The sockets in the one sidewall of the guide preferably form a row 
including a first socket and a last socket (as seen in a predetermined 
direction longitudinally of the track). The guide of such apparatus can be 
provided with a stop which extends into the path of movement of the lever 
of the coupling means along the track in the predetermined direction to 
pivot the lever in the first direction and to thereby introduce the first 
named projection into the last socket of the row. The at least one arm of 
the lever of the coupling means (i.e., the arm which carries the first 
named projection) has a first side facing the one sidewall and a second 
side facing the other sidewall. The first named projection is provided at 
the first side of such arm, and the stop of the guide serves to engage the 
second side of the at least one arm. 
The slide which pivotally supports the lever of the coupling means can be 
provided with two resilient followers one of which tracks the one sidewall 
and the other of which tracks the other sidewall of the guide. The one 
follower has a portion which rides over the sockets in response to 
movement of the slide longitudinally of the track, and the other follower 
has a portion which rides over the recesses in the other sidewall in 
response to movement of the slide longitudinally of the track. The mutual 
spacing of the recesses can match or approximate the mutual spacing of the 
sockets so that the aforementioned portion of the one follower rides over 
a socket when the aforementioned portion of the other follower rides over 
a recess and vice versa. To this end, each socket can be aligned with one 
of the recesses, as seen transversely of the track, and the two followers 
of the slide can be mirror symmetrical to each other with reference to a 
plane which extends longitudinally of the track and includes the axis for 
the lever of the coupling means. The aforementioned portions of the two 
followers can be arranged to generate noise in response to riding over the 
sockets and the recesses, respectively. 
The slide can include a sleeve which extends from the track and surrounds a 
portion of the pivot means for the lever of the coupling means. The 
deflector for the shoulder belt surrounds such sleeve of the slide. The 
sleeve can be provided on one of the aforementioned first and second 
sections of the slide. 
The pivot means can be non-rotatably connected with the lever of the 
coupling means, and the means for pivoting this lever can include means 
for turning the pivot means about the axis. The turning means can comprise 
a handle (e.g., a substantially wheel-shaped handle or a handle having a 
polygonal outline). The turning means is movable about the axis to and 
from an inoperative position in which the means for biasing the lever of 
the coupling means is free to urge such lever against the one sidewall, 
and the apparatus can further comprise an additional lever which is 
pivotably mounted on the lever of the coupling means, and means (e.g., a 
link train) for transmitting motion from the turning means to the 
additional lever in order to pivot the additional lever toward the one 
sidewall in response to movement of the turning means to the inoperative 
position and to pivot the additional lever away from the one sidewall in 
response to movement of the turning means from the inoperative position. 

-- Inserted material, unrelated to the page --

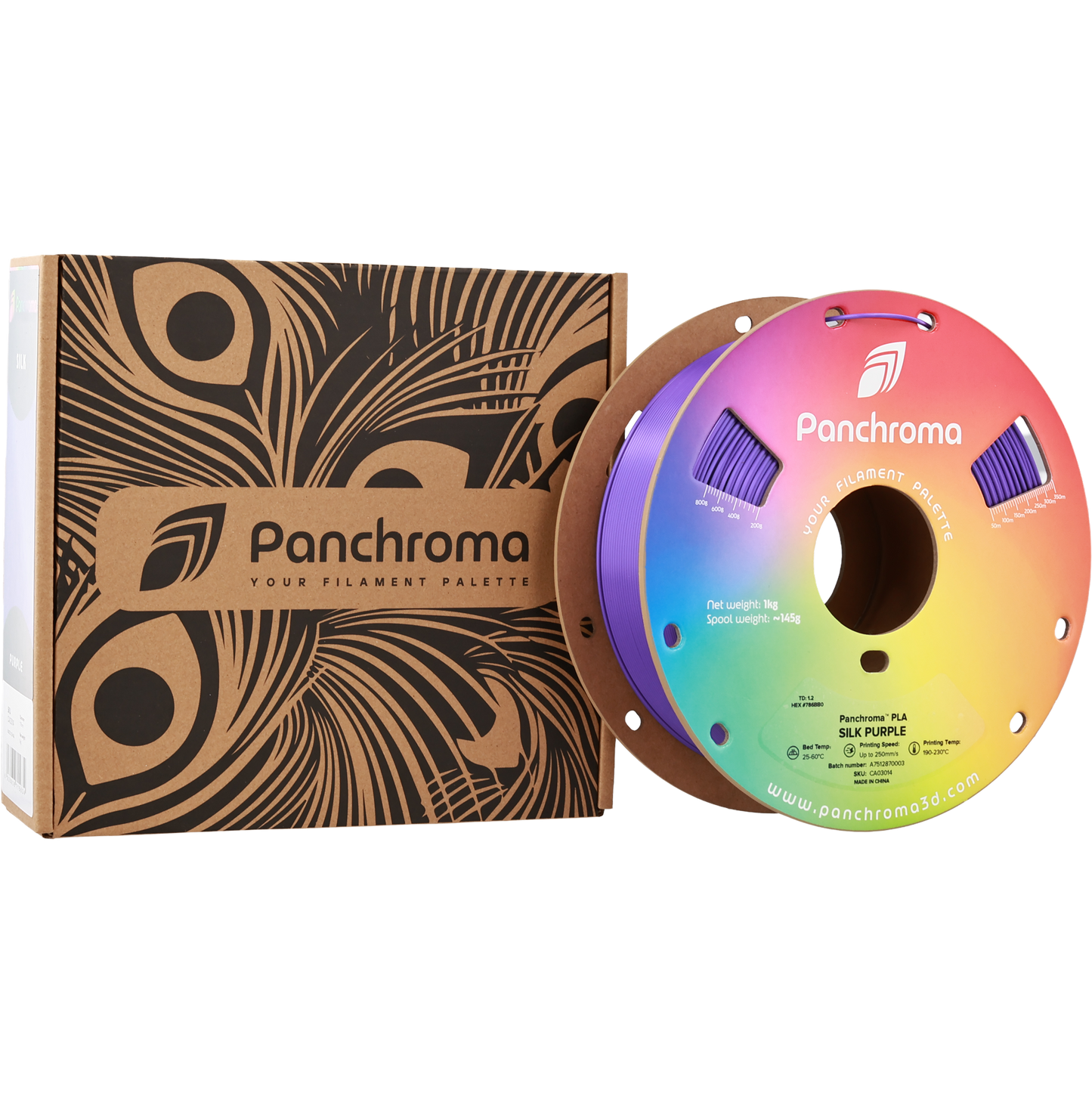 Polymaker Panchroma PLA Silk Purple 1.75 mm 1kg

It is also possible to employ an additional lever which is pivotably 
mounted on the lever of the coupling means and is operative to engage the 
one sidewall and enter one of the sockets in response to abrupt movement 
of the slide along the track in a predetermined direction (e.g., in the 
event of a collision or another accident). The lever of the coupling means 
has a first side which confronts the one sidewall and a second side which 
confronts the other sidewall. In accordance with a presently preferred 
embodiment of the apparatus, the first named projection and the additional 
lever are disposed at the first side of the lever of the coupling means. 

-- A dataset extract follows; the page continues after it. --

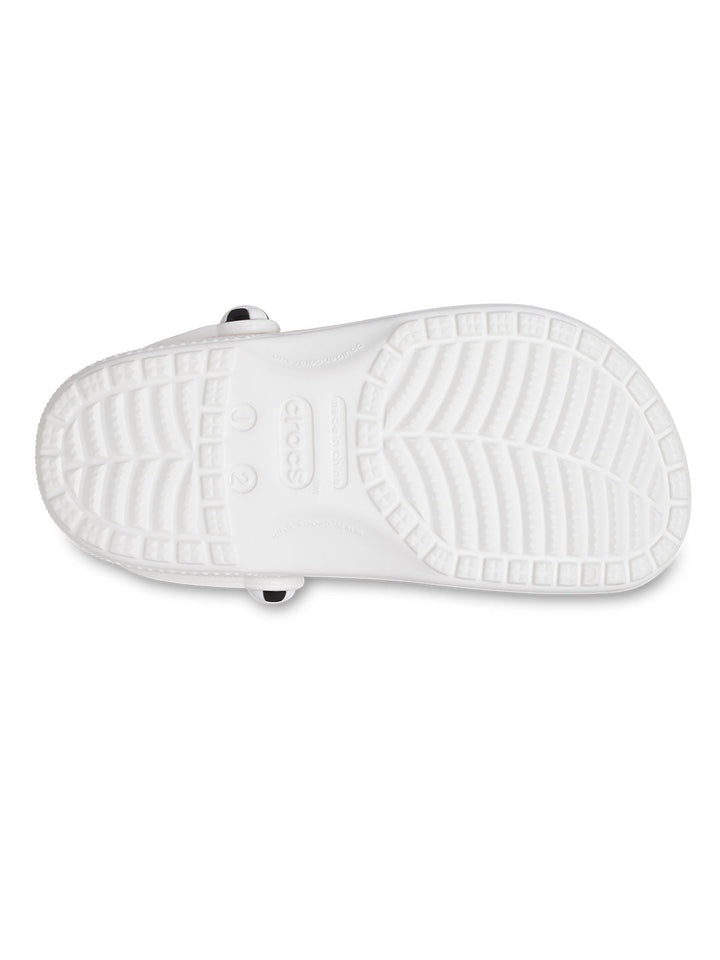 Crocs White Kid Classic Soccer Ball Clog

The novel features which are considered as characteristic of the invention 
are set forth in particular in the appended claims. The improved apparatus 
itself, however, both as to its construction and its mode of operation, 
together with additional features and advantages thereof, will be best 
understood upon perusal of the following detailed description of certain 
presently preferred specific embodiments with reference to the 
accompanying drawing.

DESCRIPTION OF PREFERRED EMBODIMENTS 
FIGS. 1 to 3 show certain details of an apparatus which embodies one form 
of the present invention. The purpose of the apparatus is to adjust the 
level of a substantially annular deflector D for a shoulder belt or strap 
B (see FIG. 8) so that the belt B will be more comfortable to and will 
better protect the occupant of the respective seat S in a motor vehicle. 

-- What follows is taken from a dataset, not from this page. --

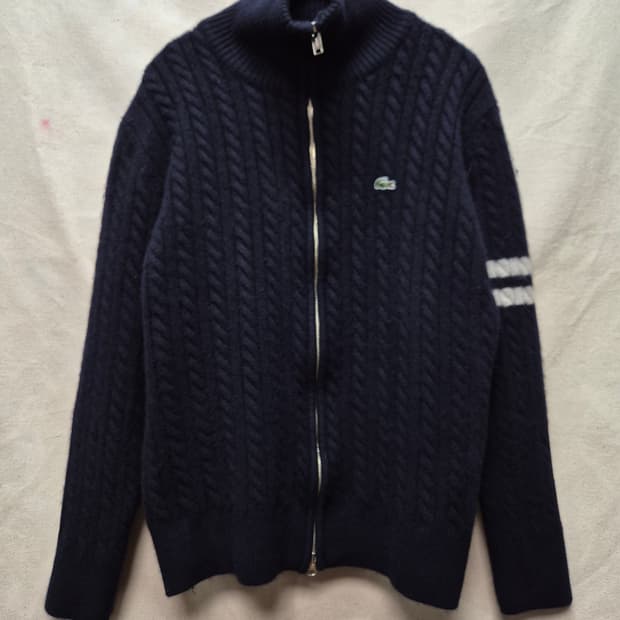 라코스테 니트집업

The apparatus comprises a vertical or nearly vertical guide 1 which is 
secured to or is installed in the so-called B-column or frame member BC 
(FIG. 8) of the frame of the motor vehicle. The illustrated guide 1 is an 
elongated metallic rail having a substantially C-shaped cross-sectional 
outline (see particularly FIG. 3) and defining an elongated track la 
flanked by two elongated parallel sidewalls 18 and 19. The track 1a of the 
guide 1 receives an elongated slide 2 which is made of or contains a 
suitable plastic material and includes two elongated substantially 
shell-shaped sections 9, 10 connected to each other and confining a 
pivotable lever 3 forming part of a means for separably coupling the slide 
2 to the guide 1 in a selected position as seen longitudinally of the 
track 1a. The lever 3 is a two-armed lever and is pivotable about an axis 
extending at right angles to the longitudinal direction of the track 1a 
substantially or exactly midway between the sidewalls 18 and 19. The pivot 
means for the lever 3 comprises a pivot member 4 having a polygonal (e.g., 
hexagonal) head 5 which is spaced apart from the track 1a between the 
sidewalls 18, 19 of the guide 1. 
The head 5 is outwardly adjacent a smooth cylindrical portion 6 terminating 
in an annular shoulder which abuts the adjacent surface of the lever 3. An 
externally threaded inner end portion 7 of the pivot member 4 is received 
in a tapped bore of the substantially disc-shaped central portion of the 
lever 3. The smooth cylindrical portion 6 is surrounded by the deflector D 
(not shown in FIGS. 1 to 3) for the shoulder belt B. The deflector D can 
swivel (i.e., perform a pendulum movement) about the axis of the pivot 
member 4 so that the inclination of its eyelet can change in dependency 
upon the orientation of that portion of the shoulder belt B which is being 
deflected by the part D. As a rule, the deflector D has a substantially 
triangular outline with the hole for the portion 6 in one of the corners 
and a slot for the shoulder belt B extending between the other two 
corners. The slot is bounded by suitably rounded surfaces of the deflector 
D to facilitate sliding movements of the shoulder belt B as well as to 
reduce the likelihood of damage to the belt. One end of the belt B is or 
can be connected to the spool or reel of a suitable retractor R shown in 
FIG. 8 (e.g., a retractor of the type disclosed in U.S. Pat. No. 4,241,886 
granted Dec. 30, 1980 to Maekawa et al.), and the other end portion of the 
belt B can carry a tongue which is removably insertable into a buckle. The 
tongue can be of the type disclosed in commonly owned copending patent 
application Ser. No. 423,114 filed Oct. 19, 1989 by Knut Oberhardt. The 
retractor R can be installed in the column BC or elsewhere close to or at 
the floor level of the frame of the motor vehicle, and the buckle is 
affixed to the floor at the inner side of the respective seat S. The 
occupant restraint system which embodies the apparatus of the present 
invention can further include the structure which is disclosed in commonly 
owned copending paten application Ser. No. 451,091 filed Dec. 15, 1989 by 
Walter Notar for "Apparatus for damping translatory and rotary movements" 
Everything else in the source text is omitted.